Dream House as Public Relations

And haven’t men been gaslighting women, abusing their lovers, harassing their girlfriends, murdering their wives for as long as human history has existed? And isn’t their violence always a footnote, an acceptable causality? David Foster Wallace threw a coffee table at Mary Karr and pushed her out of a moving car, but no one ever really talks about it. Carl Andre almost certainly shoved Ana Mendieta out the thirty-fourth-story window of their Greenwich Village apartment and got away with it.51 In Mexico, William Burroughs shot Joan Vollmer in the head; her death, he said later, made him into a writer. These stories are so common that they are no longer shocking in any meaningful sense; it is more surprising when there is no evidence of a talented man having hurt someone at all. (I confess, I never quite believe it; I just assume those men are better at hiding than most.)

I have spent years struggling to find examples of my own experience in history’s queer women. I tore through book after book about the queer women of the past, pen poised over paper, wondering what would happen if they had let the world know they were unmade by someone with just as little power as they. Did Susan B. Anthony’s womanizing extend to psychological torment? What did Elizabeth Bishop really say to Lota de Macedo Soares when she’d been drinking heavily? Did their voices crawl with jealousy? Did they hurl inkwells and figurines? Did any of them gingerly touch their bruises and know that explaining would be too complicated? Did any of them wonder if what had happened to them had any name at all?

I’ll never forget the gut punch I felt when one of the first lesbian couples married in Massachusetts got divorced five years later—a kind of embarrassed panic. I was recently graduated, newly out, trying to date women in Berkeley. I remember feeling dread, as though divorces weren’t the kind of thing happening all around me at every moment, as if they weren’t a complete nonentity. But that’s the minority anxiety, right? That if you’re not careful, someone will see you—or people who share your identity—doing something human and use it against you. The irony, of course, is that queer folks need that good PR; to fight for rights we don’t have, to retain the ones we do. But haven’t we been trying to say, this whole time, that we’re just like you?

It’s not being radical to point out that people on the fringe have to be better than people in the mainstream, that they have twice as much to prove. In trying to get people to see your humanity, you reveal just that: your humanity. Your fundamentally problematic nature. All the unique and terrible ways in which people can, and do, fail. But people have trouble with this concept. It’s like how, after Finding Nemo, people who were ill equipped to take care of them rushed to buy clown fish and how the fish died. People love an idea, even if they don’t know what to do with it. Even if they only know how to do exactly the wrong thing.
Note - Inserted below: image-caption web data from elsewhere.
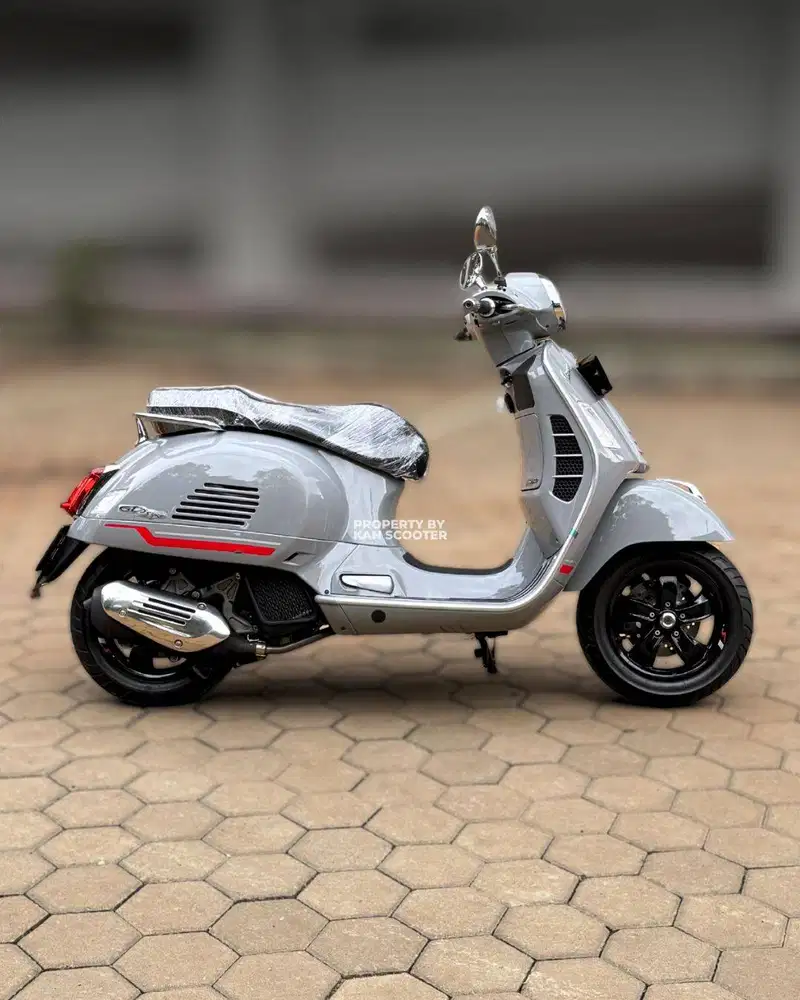 VESPA GTS S 150 iGET ABS 4V FACELIFT 2023 BERGARANSI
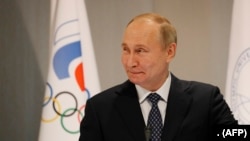 Le président russe Vladimir Poutine prononce un discours lors des célébrations du 10e anniversaire de l'Université olympique internationale russe à Sotchi, en Russie, le 3 décembre 2019. (Photo de SHAMIL ZHUMATOV / POOL / AFP)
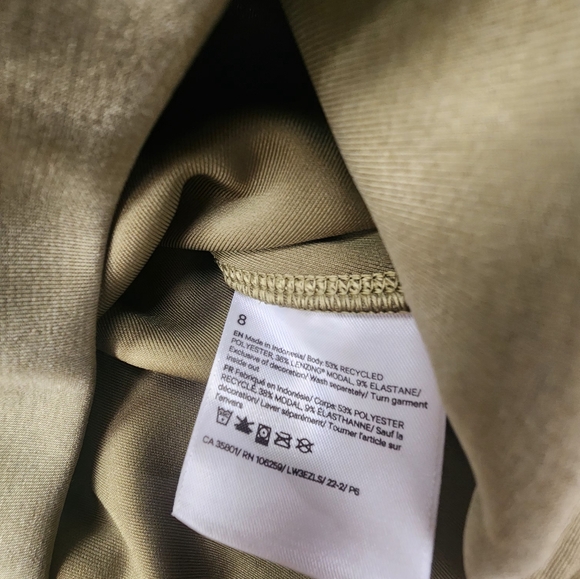 Lululemon Perfectly Oversized Cropped Crew *Softstreme, size 8 - Picture 3 of 7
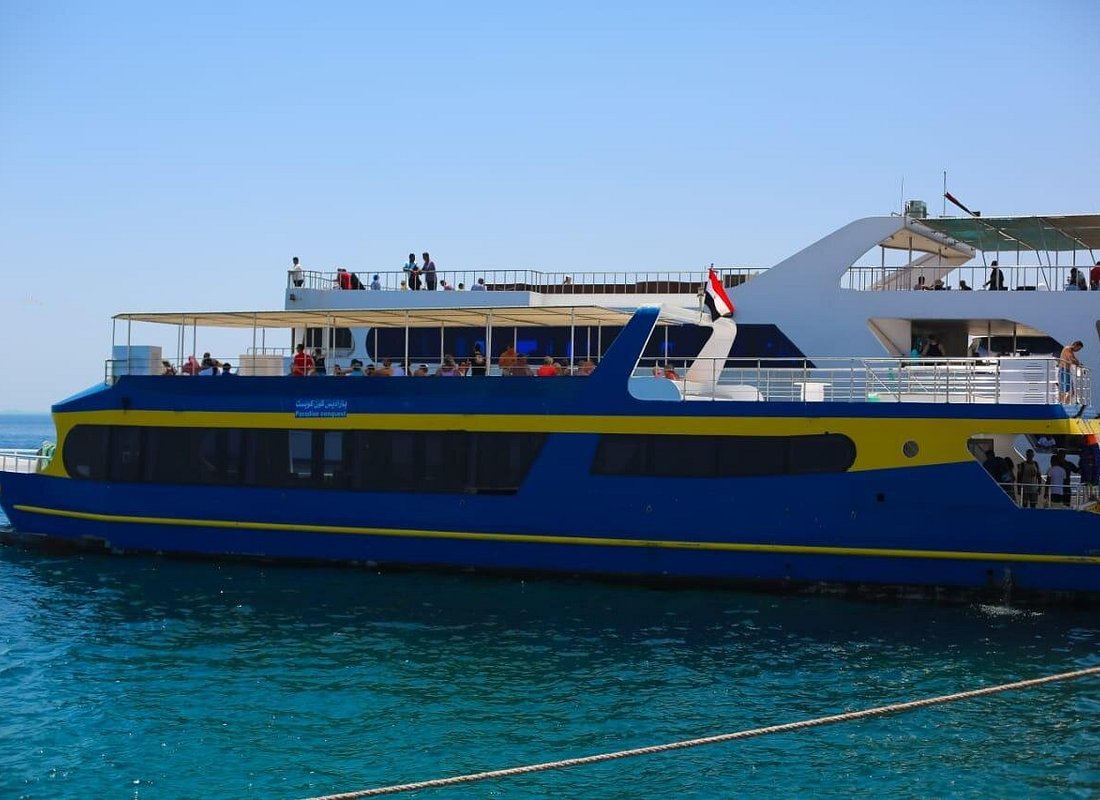 Sun Island Boat Trip in Hurghada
51. Andre was tried for, and acquitted of, Mendieta’s death. In his 911 call, Andre told the operator, “My wife is an artist, and I’m an artist, and we had a quarrel about the fact that I was more, eh, exposed to the public than she was. And she went to the bedroom, and I went after her, and she went out the window.” Whenever Andre has an exhibition, protestors show up. They create outlines of bodies on the ground, as if someone has fallen from a great height. They leave animal viscera smeared on sidewalks. They ask, “¿Dondé está Ana Mendieta?”